--- TASK ITEM ---
Output the lines of the records exactly, from the first through the one containing "Náhrada funkce ledvin". Omit all pictures.

--- Short text fragments from websites ---
□ □ □ □ □

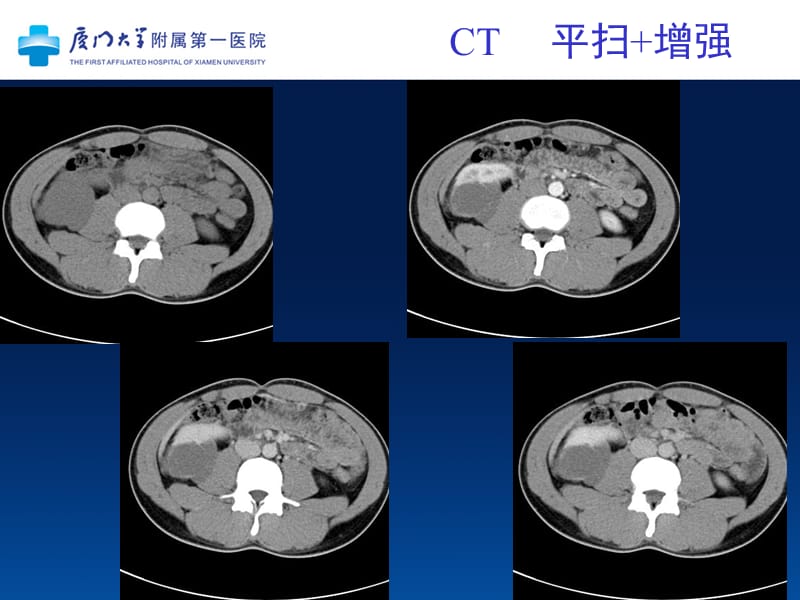 多房性囊性肾细胞癌;.ppt_第3页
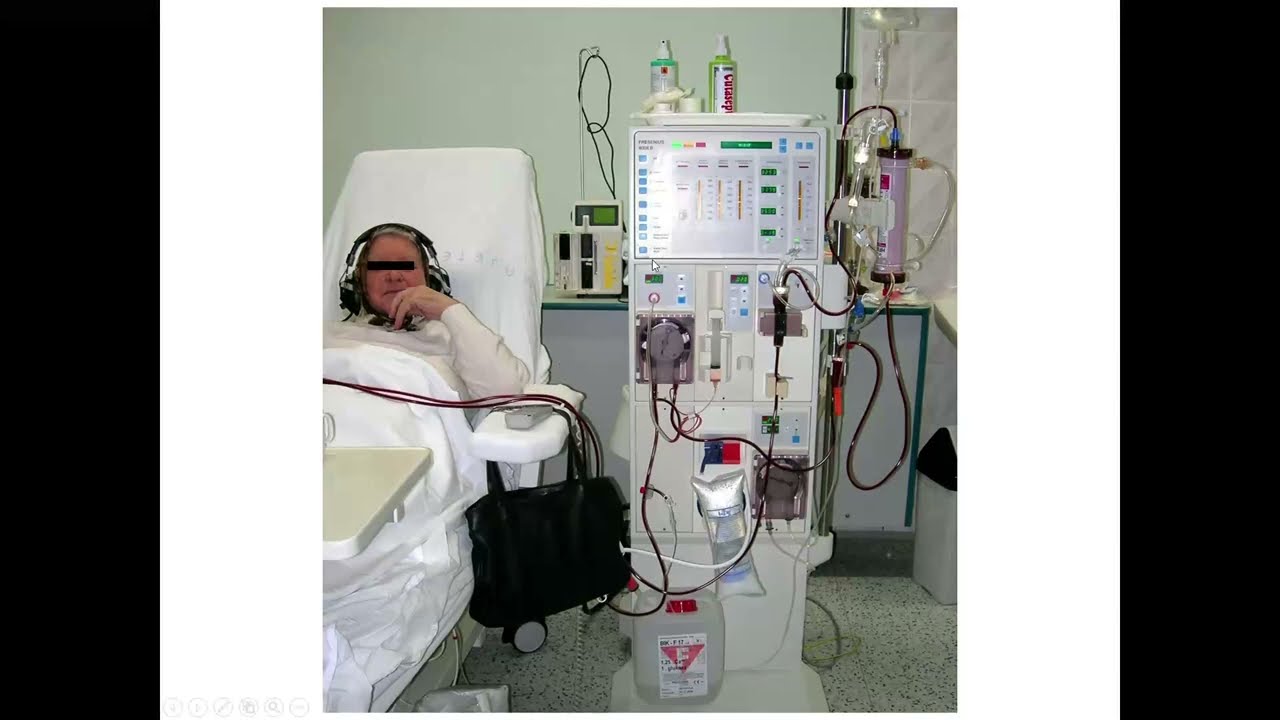 Náhrada funkce ledvin - prof. MUDr. T. Reischig, Ph.D.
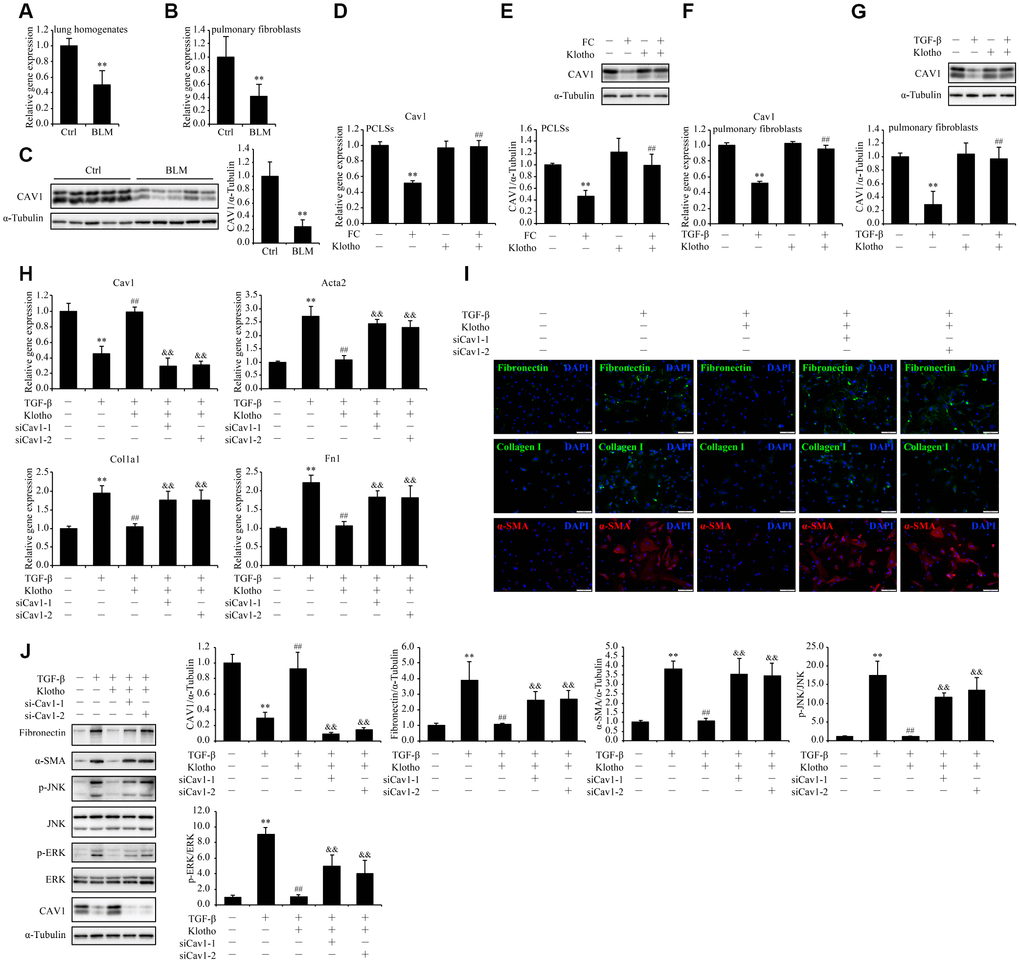 The mitigation of TGF-β-induced pulmonary fibroblasts activation and ECM production by Kl is partially suspended after Cav1 being silenced. mRNA levels of Cav1 were measured by qPCR in the total lung lysates (A) and isolated pulmonary fibroblasts (B) from mice 21 days after intratracheally administering a single dose of PBS (Ctrl) or bleomycin (BLM). Protein levels of CAV1 (C) were examined by western blotting in the total lung lysates from mice 21 days administering a single dose of PBS (Ctrl) or bleomycin (BLM). **P vs. Ctrl. 5-7 animals per group. Mouse PCLSs pre-incubated with or without mouse rKL for 24 h were randomized to be treated with control cocktail (CC) or fibrosis cocktail (FC) with or without rKL for another 48 h, when mRNA (D) and protein (E) levels of Cav1 in the mouse PCLSs from each group were measured by qPCR and western blotting, respectively. **P vs. CC without KL. ##P vs. FC without rKL. Primary pulmonary fibroblasts isolated from wild type C57BL/6 mice were pre-incubated with or without mouse rKL. After 12 h, they were randomized to be incubated with or without TGF-β and rKL for another 24 h when mRNA (F) and protein (G) levels of Cav1 were examined by qPCR and western blotting, respectively. **P vs. without TGF-β or KL. ##P vs. with TGF-β and without rKL. Primary pulmonary fibroblasts isolated from wild type C57BL/6 mice were transfected with control siRNA (siNC) or Cav1 siRNAs (siCav1-1 and -2). After siRNA transfection for 24 h, fibroblasts were pre-incubated with or without mouse rKL for 12 h, followed by treatment with or without TGF-β and rKL for another 24 h, when mRNA levels of Cav1, Acta2, Fn1, and Col1a1 were assessed by qPCR (H), fibronectin, α-SMA, and collagen I were stained by immunofluorescence staining (I, Scale bars = 100 μm), and protein levels of fibronectin, α-SMA, p-JNK, JNK, p-ERK, ERK, CAV1 and α-Tubulin were examined by western blotting (J). **P vs. siNC without TGF-β or rKL. ##P vs. siNC with TGF-β and without rKL. &&P vs. siNC with TGF-β and rKL.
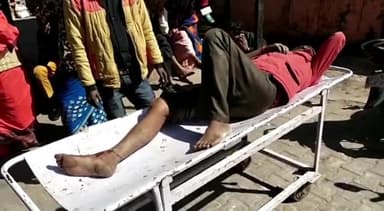 हाथरस: ग्राम कैमार के पास बाइक के सामने अचानक आवारा कुत्ता आ जाने के कारण बाइक हुई अनियंत्रित, एक व्यक्ति हुआ घायल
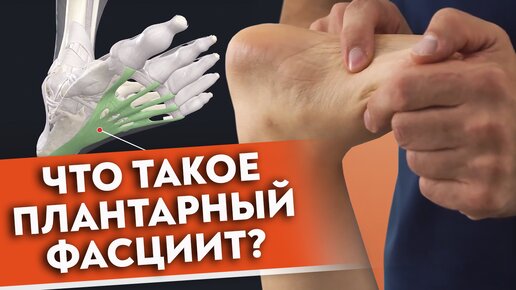 Болит пятка — что делать? Плантарный фасциит: причины заболевания и срочная самопомощь.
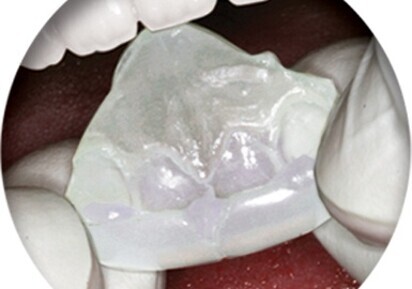 NiteBite helps bruxing patients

□ □ □ □ □

--- RESULT OF THIS EXERCISE ---
 多房性囊性肾细胞癌;.ppt_第3页
 Náhrada funkce ledvin - prof. MUDr. T. Reischig, Ph.D.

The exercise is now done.